The Question
Given the arithmetic series: 5 + 7 + 9 + … + 93. Determine the general term of the series, T_n, in the form T_n = pn + q.
Details
💡 Hint
What’s the starting number and the consistent jump between numbers in this sequence? Use these to build your general formula!
📝 Solution Steps
- Identify the first term (a) of the series.
- Calculate the common difference (d) between consecutive terms.
- Substitute the values of ‘a’ and ‘d’ into the general formula for the nth term of an arithmetic sequence: T_n = a + (n-1)d.
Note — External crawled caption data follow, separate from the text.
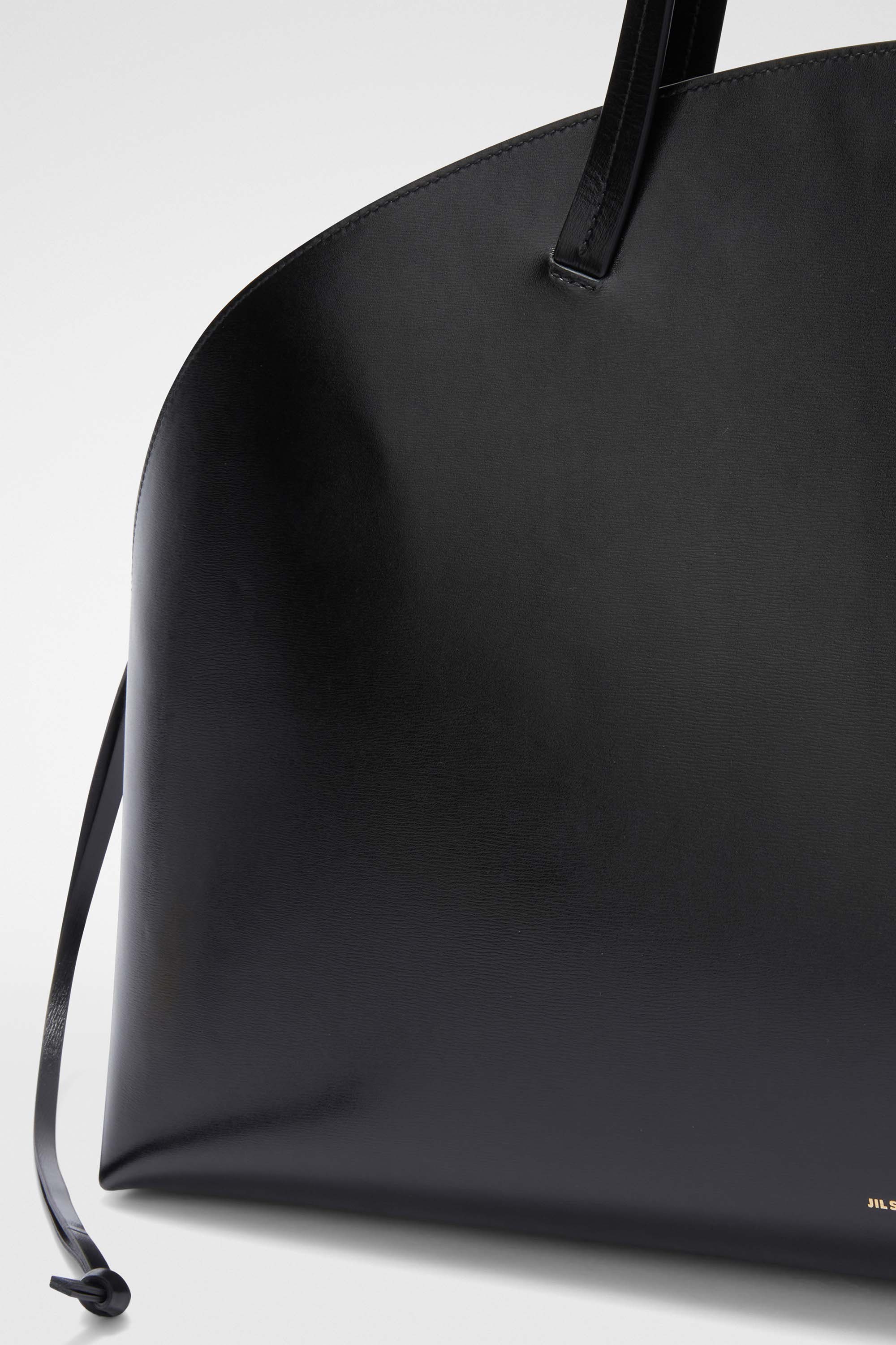 Jil Sander Curve Large Shoulder Bag In Black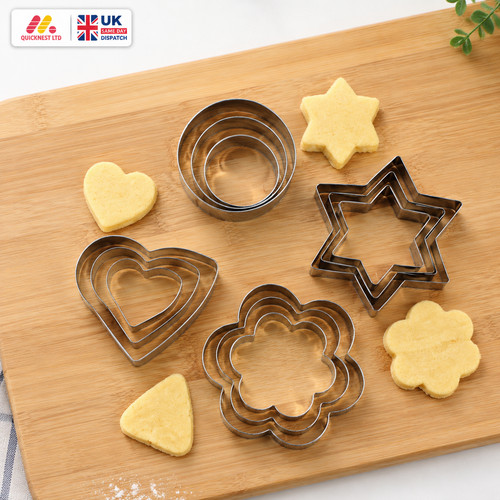 Heart round star clouds cookie - heart/round/star/clouds,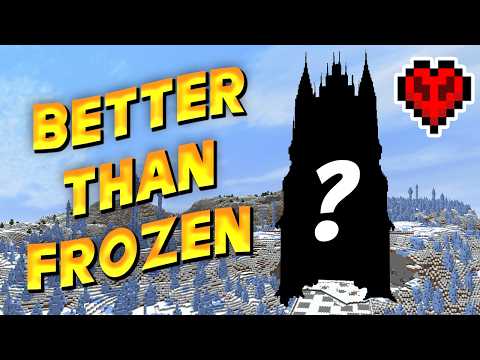 I Build My DREAM Ice Castle In Hardcore Minecraft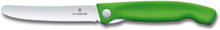 Coltello pieghevole seghettato verde - Victorinox Swissclassic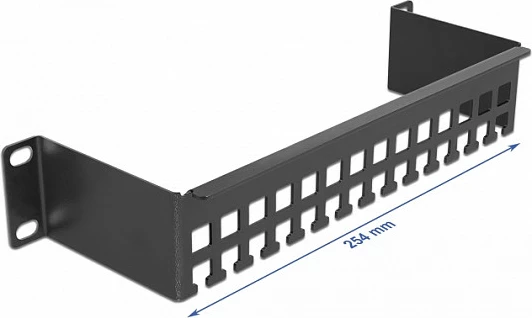 Panel menaxhimi kabllove DeLOCK 10", 1U, metal, i zi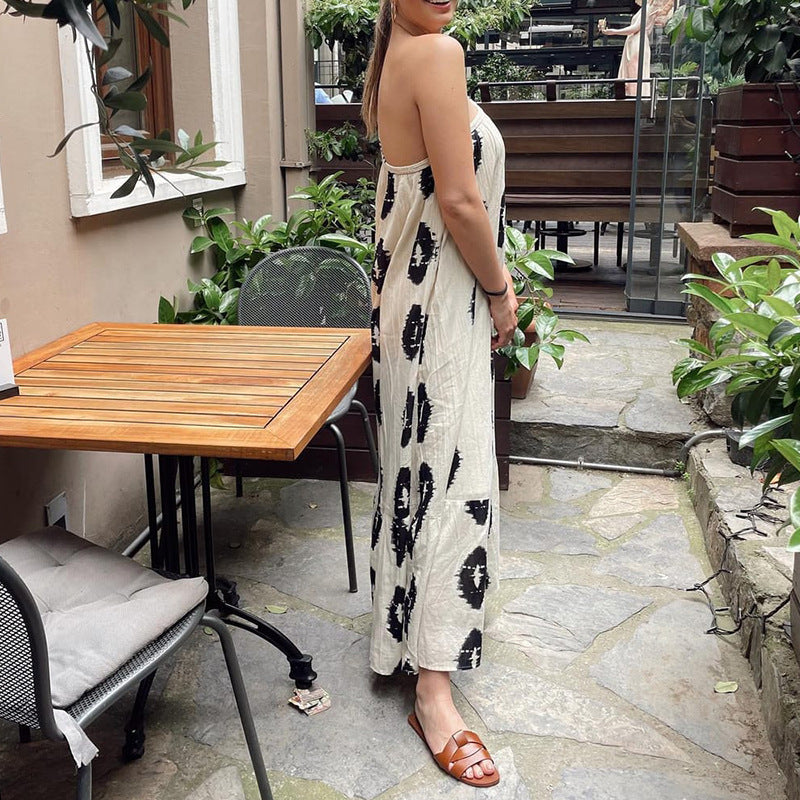 Damen Jumpsuit im einseitigen Design mit auffälligem Muster Drune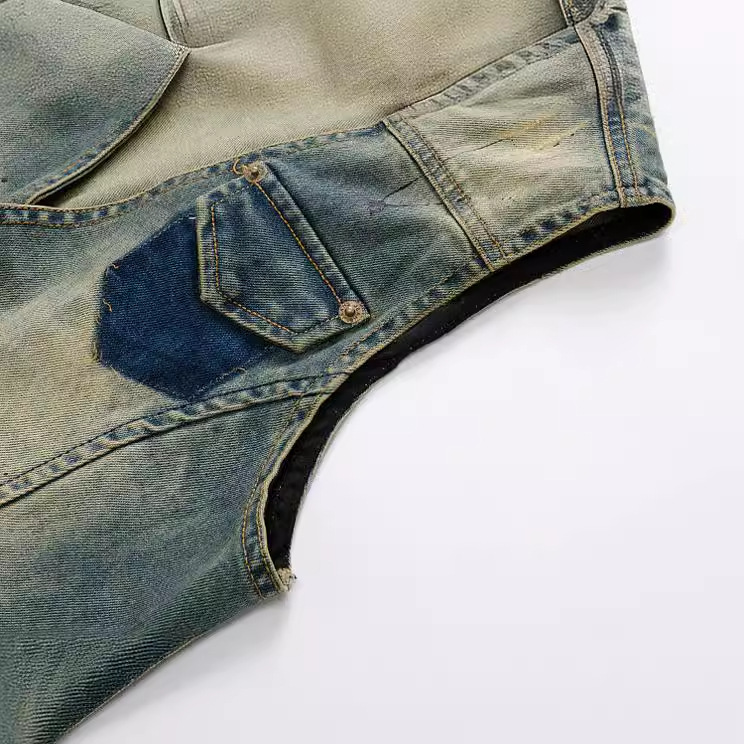 ฤดูใบไม้ผลิฤดูใบไม้ร่วงใหม่แฟช - Men'S Fashion Vest With Jeans บทวิจารณ์และราคา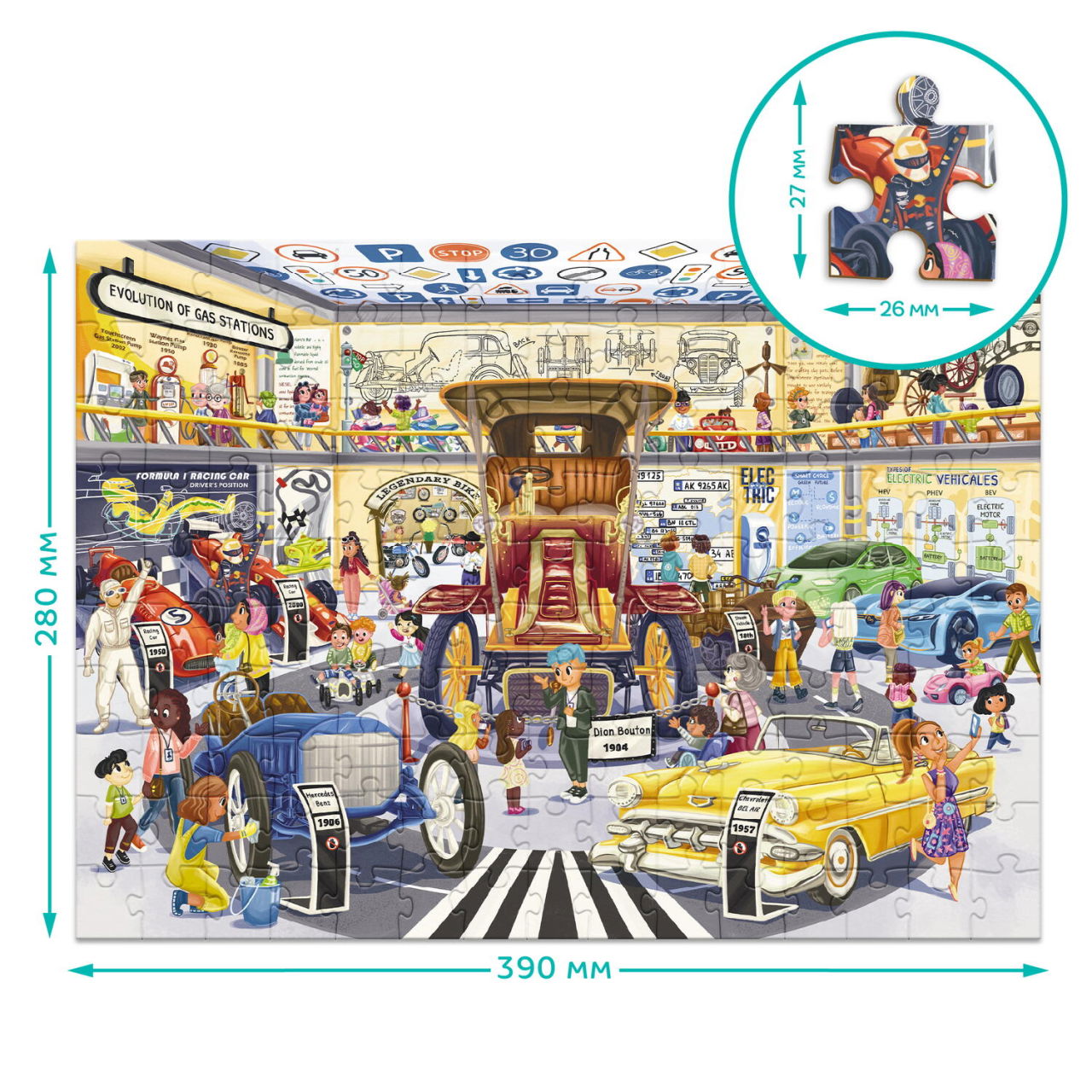 Puzzle - Muzeul transporturilor (150 piese) [4]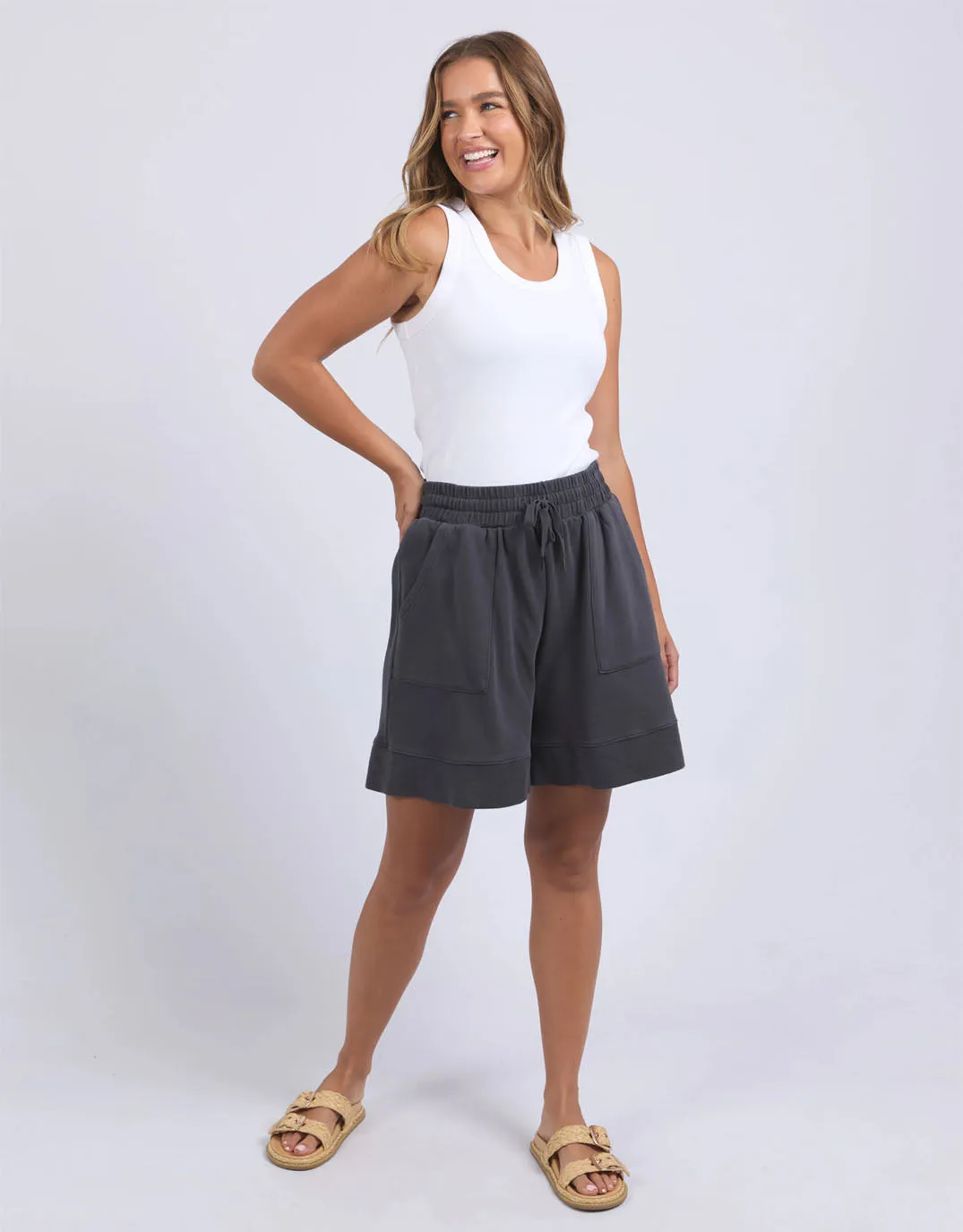 Hustler Short - Charcoal sold by White & Co product image thumbnail 2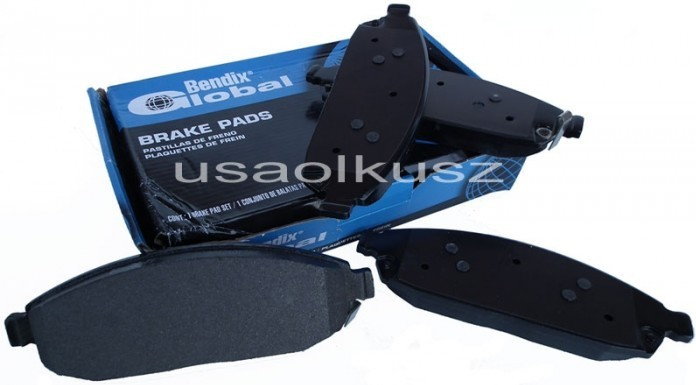 BendixGlobal Klocki hamulcowe przednie Jeep Grand Cherokee 2005-2010 exc. SRT BE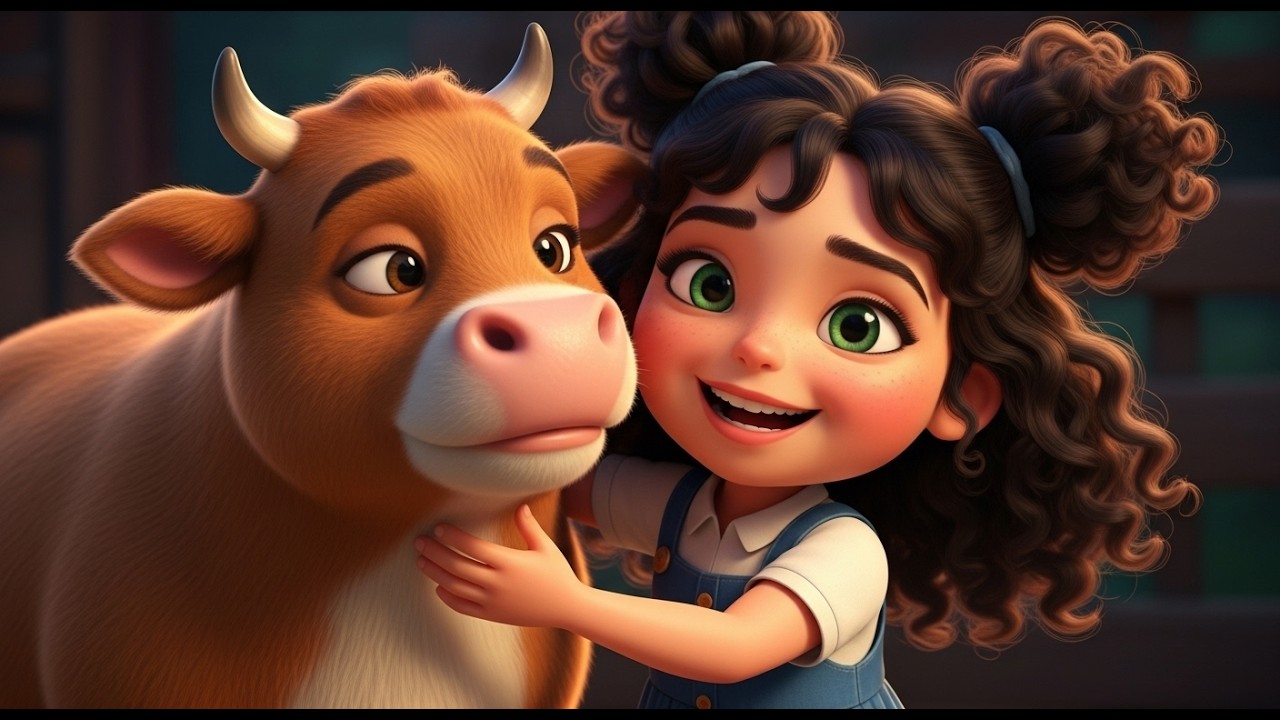 🐮🐑🦆 Are bunicul o fermă – Cântec vesel pentru copii | Cantec cu animale | Vaca, oaia și rața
- Simplify the expression to the form T_n = pn + q.
📚 Explanation
An arithmetic series is characterized by a constant difference between consecutive terms. First, identify the first term (a) of the series. Then, calculate the common difference (d) by subtracting any term from its succeeding term (e.g., 7 – 5 = 2). Once you have ‘a’ and ‘d’, substitute these values into the general formula for the nth term of an arithmetic sequence: T_n = a + (n-1)d. Finally, simplify the expression to match the required form T_n = pn + q.
✅ Answer
T_n = 2n + 3
⚠️ Common Mistakes
- Incorrectly calculating the common difference.
- Algebraic errors when simplifying the formula after substitution.
📐 Formulas Required
- T_n = a + (n-1)d